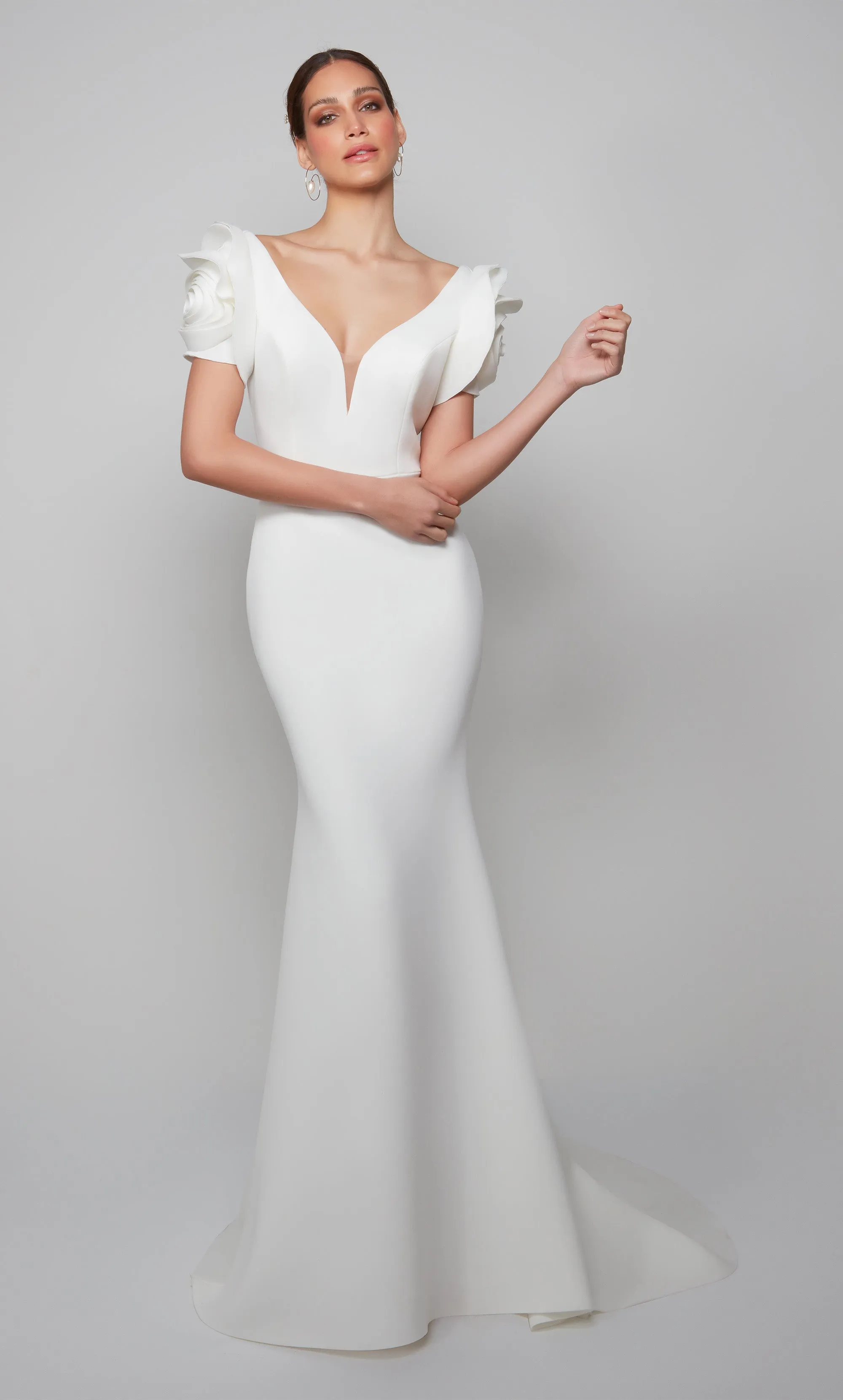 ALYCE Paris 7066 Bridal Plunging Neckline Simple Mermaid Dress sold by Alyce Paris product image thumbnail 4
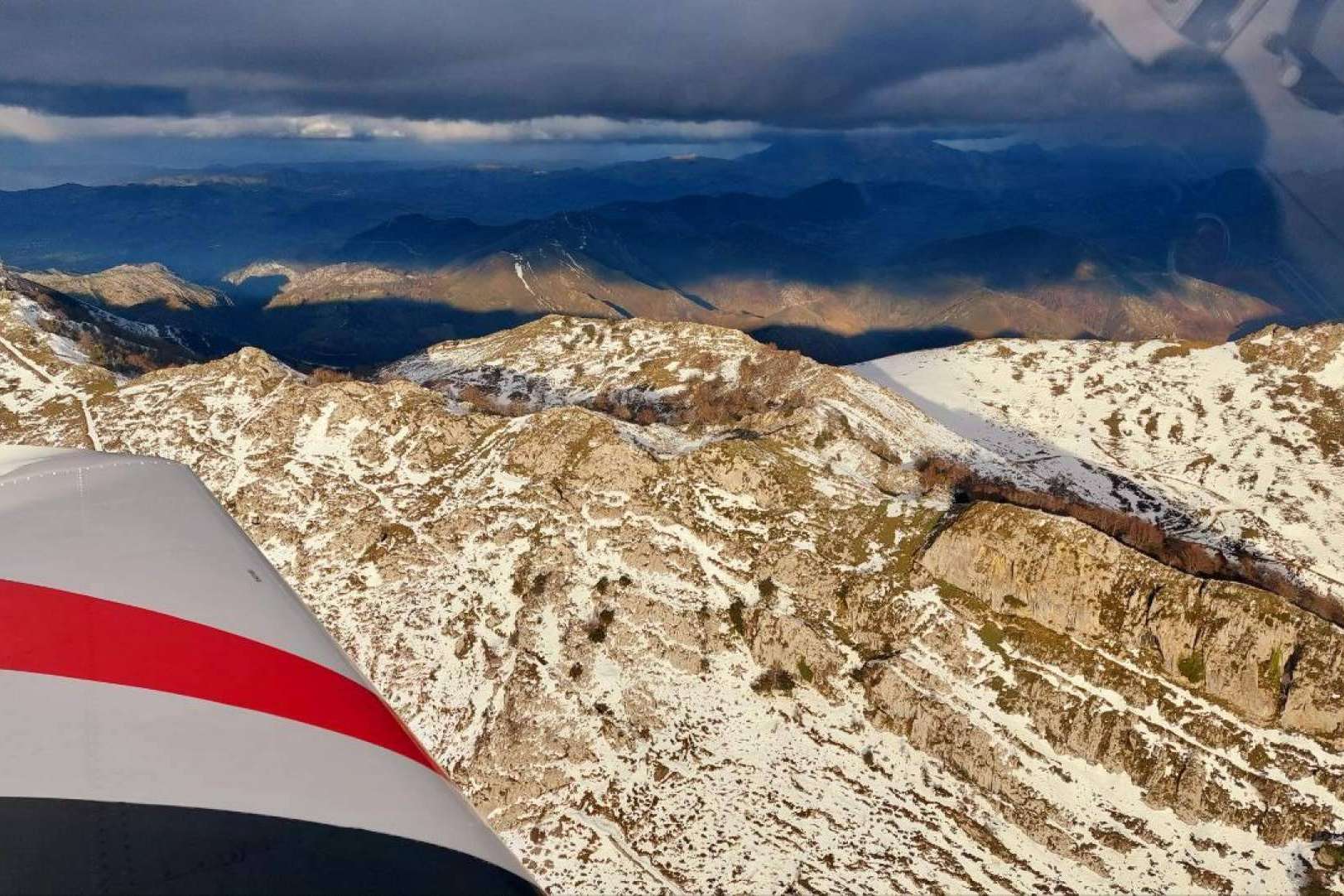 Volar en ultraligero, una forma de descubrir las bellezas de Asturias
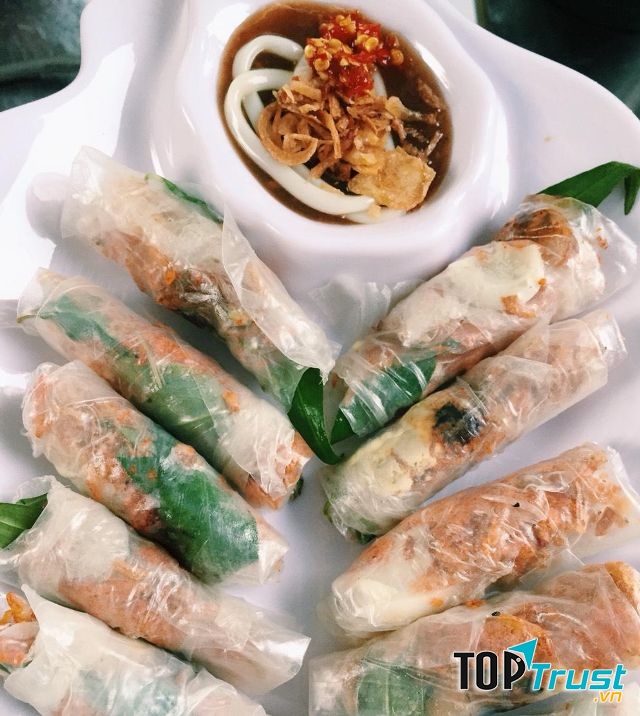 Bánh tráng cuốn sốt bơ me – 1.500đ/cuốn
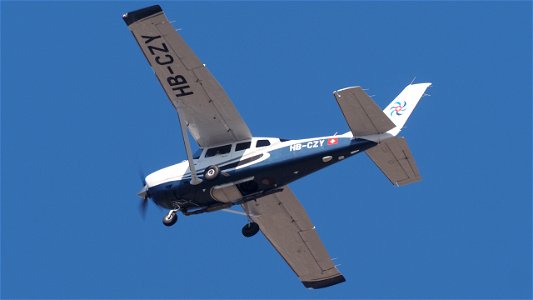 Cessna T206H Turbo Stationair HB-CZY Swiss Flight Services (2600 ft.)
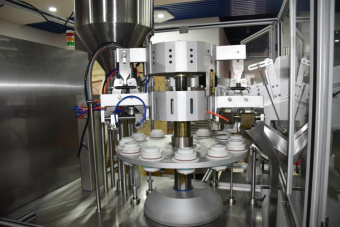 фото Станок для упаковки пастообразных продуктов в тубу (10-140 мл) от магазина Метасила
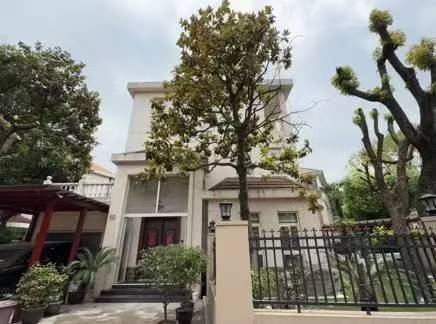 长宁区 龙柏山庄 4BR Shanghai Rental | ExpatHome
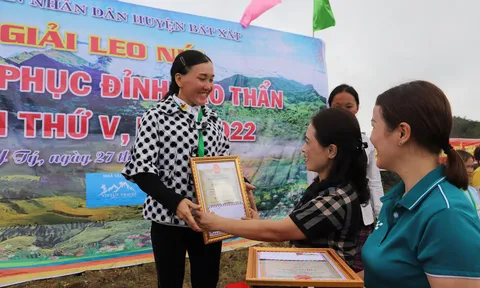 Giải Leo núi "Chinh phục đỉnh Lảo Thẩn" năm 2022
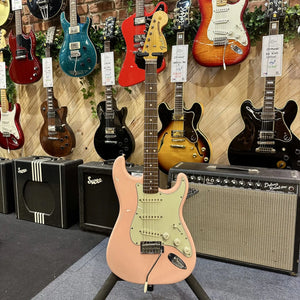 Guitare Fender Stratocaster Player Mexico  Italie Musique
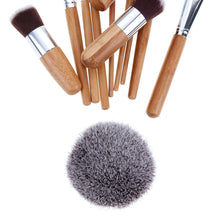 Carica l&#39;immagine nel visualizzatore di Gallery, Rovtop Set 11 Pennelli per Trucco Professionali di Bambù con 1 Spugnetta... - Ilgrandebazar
_ _ _ _
Aim of the task. Starting at the first line of the material, output exactly the lines up to and including the one with "Guitare Fender Stratocaster". Do not include the pictures.

Exercise solution.
 ALYCE Paris 7066 Bridal Plunging Neckline Simple Mermaid Dress sold by Alyce Paris product image thumbnail 4
 Volar en ultraligero, una forma de descubrir las bellezas de Asturias
 Bánh tráng cuốn sốt bơ me – 1.500đ/cuốn
 Cessna T206H Turbo Stationair HB-CZY Swiss Flight Services (2600 ft.)
 фото Станок для упаковки пастообразных продуктов в тубу (10-140 мл) от магазина Метасила
 长宁区 龙柏山庄 4BR Shanghai Rental | ExpatHome
 Giải Leo núi "Chinh phục đỉnh Lảo Thẩn" năm 2022
 Guitare Fender Stratocaster Player Mexico  Italie Musique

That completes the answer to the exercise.